Das Programm bietet unterschiedliche Versionen: Man kann die Texte auch vom Computer vorlesen lassen, dann blättert es automatisch weiter. Den Schwerpunkt will Hoffmann aber anders legen: “Es geht darum, ein Buch gemeinsam zu erleben!” Deshalb soll nicht ein Kind alleine vor dem Computer sitzen, sondern die Geschichten sollen zusammen mit Eltern oder Lehrern gelesen und erlebt werden.
“Das ist ein Programm, bei dem Emotionen eine große Rolle spielen dürfen”, beschreibt der Gründer seine Plattform. Außerdem gibt es auch didaktisch und pädagogisch wertvolle Anpassungsmöglichkeiten, wie die Seiten eines Buches auch mal ohne Text anzeigen zu lassen. Das helfe dann bei der Sprecherziehung. “Wenn die Lehrkraft das Bilderbuch mit den Kindern liest und dann am nächsten Tag die Geschichte wieder herzeigt, aber ohne Text, können die Kinder erzählen, was sie gestern gelesen haben und üben so das Sprechen.”
Durch Einsetzen der zweiten Coronawelle mussten die Büchereien wieder schließen und es können keine Bücher mehr ausgeliehen werden. Deshalb verkauft Onilo nun auch Zugänge für Privatpersonen und verschickt in Zusammenarbeit mit der Pfarrbücherei Hacklberg sowie der Grundschule Hacklberg einmal pro Woche digital ein Buch.
Und auf genau dieses Buch warten die Kinder von Andrea Rösch jede Woche schon sehnsüchtig.
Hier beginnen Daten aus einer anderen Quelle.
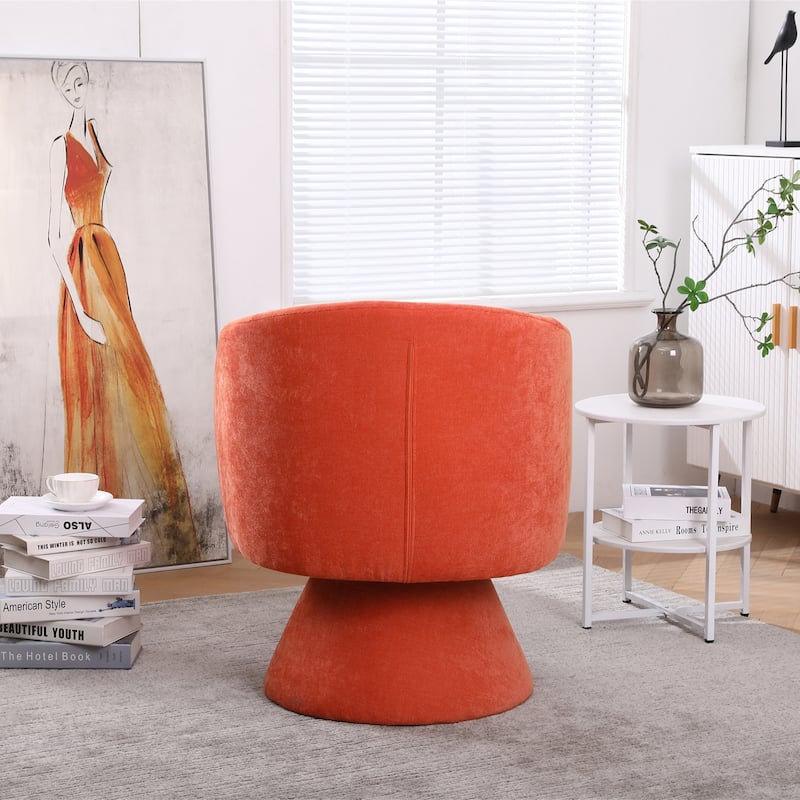 Round Fabric Swivel Accent Chair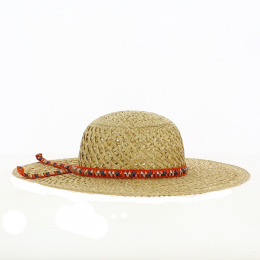 Blajor Natural Straw Orange Wide-Brimmed Hat - Crambes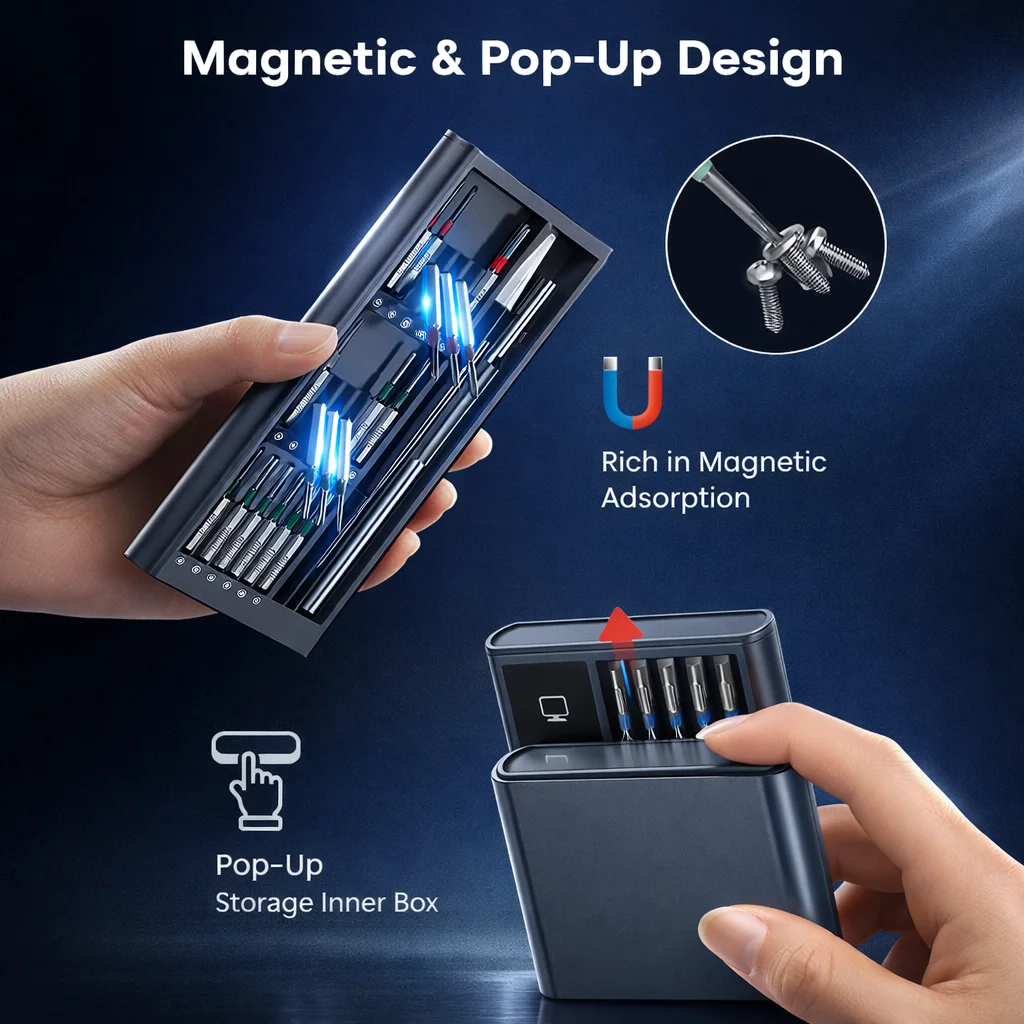 Precision Screwdriver Set, Screwdriver Kit with 36 Long S2 Bits, Magnetic Repair Tool for Glasses, Watches, PC, Computer, Camera thumbnail 3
Die Familie kam durch die älteste Tochter mit dem Programm in Kontakt. “Mittlerweile ist sie zehn Jahre alt, aber als sie vier war, hat sie bei den Onilo-Lesestunden mitgemacht”, erzählt Andrea Rösch. Seitdem ist die Familie dem Leseprogramm treu geblieben. “Jetzt gerade lernt mein 6-Jähriger damit das Lesen.” Auch die ältere Tochter sitze immer noch dabei. “Zur Entspannung”, sagt Rösch lachend.
Für sie gleicht Onilo einem vereinfachten Hörspiel, nur dass die Kinder die Sätze sehen und mitlesen können. Manchmal verschaffe das Programm mit der Vorlesefunktion auch ein paar Minuten Ruhe, denn die Kinder lauschen dann gebannt der Geschichte und man könne sich anfallenden Pflichten widmen. Auch Michaela Geyer liest die animierten Geschichten mit ihren Kindern. “Es ist tatsächlich so, dass sich die Jungs schon immer auf die Geschichten freuen”, erzählt die dreifache Mutter und fügt an: “Auch toll ist, dass jetzt passend zur Weihnachtszeit die Geschichte ,Elias und das Christkind‘ verschickt wurde.” Dabei ist Maxi der älteste Sohn, er ist gerade eingeschult und lernt das Lesen. Deswegen geht die Familie die Geschichten oft zweimal durch, einmal drückt Michaela Geyer auch öfter die Pausetaste und Maxi kann das Lesen üben. Das nächste Mal wird der Durchlauf dann schneller. Maxis zwei kleinere Brüder sind noch nicht eingeschult, aber trotzdem begeistert mit dabei. Durch die Animationen stelle das Programm eine Mischung aus Fernseher und Buch dar. “Ich denke das ist eine gute Verbindung für die Kinder.”